No. First, both particles and anti-particles have "normal" mass (should they have mass in the first place) and "normal" (positive) energy. The distinction between them is either a matter of convention or a question of which type is more common in the universe. Furthermore, for typical-massed blacked holes, the bulk of Hawking radiation would be made of photons, which properly speaking do not even have anti-particles, though one could also say that they are their own anti-particle.

Shouldn't both particle and anti-particle have equal chance to be the one to fall in, or just manage to escape?

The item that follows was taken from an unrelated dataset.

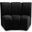 Infinity Velvet Modular Chair In Black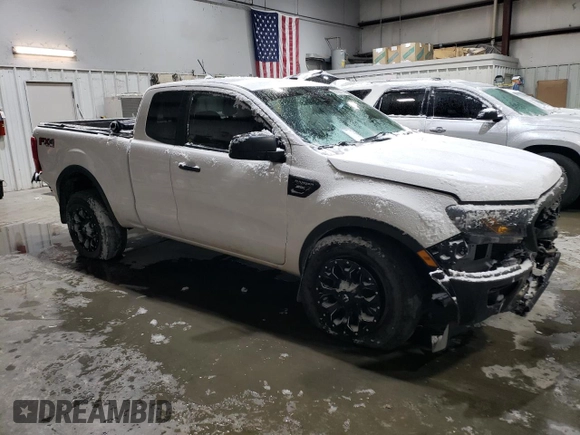 2019 Ford Ranger XL with VIN 1FTER1FH5KLB21851, listed as a Copart auction lot 87330714 with 83,941 mi miles and Salvage Title. Bid and sale history available at DreamBid. Image 4.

Yes, and uncharged ones do. A smaller black hole would radiate both neutrinos and anti-neutrinos, assuming all neutrinos are massive (otherwise, all black holes would do it already), and a sufficiently small (and thus sufficiently hot) one would radiate both electrons and positrons. Very roughly, a black hole will radiate non-negligible amounts of massive particles when the temperature of the black hole is on the order of the particle mass or greater, in natural units.

It seems that there should be an equal chance of either the particle, or the anti-particle, would be captured while the other "ejected."

Correct, with a minor exception that if a hot black hole has electric charge, it is more likely to radiate particles of the same sign of charge.

So it seems that the black hole should be somewhat steady-state as far as mass change with respect to virtual particles.

If either a particle or an anti-particle falls into a black hole, its mass will go up. It doesn't matter. Fundamentally, the "reason" for Hawking radiation is that the vacuum state in quantum field theory is a state of lowest energy, but different observers can disagree about which state is the vacuum. Thus, since particles are fluctuation on top of the vacuum, they can disagree about whether or not there are particles.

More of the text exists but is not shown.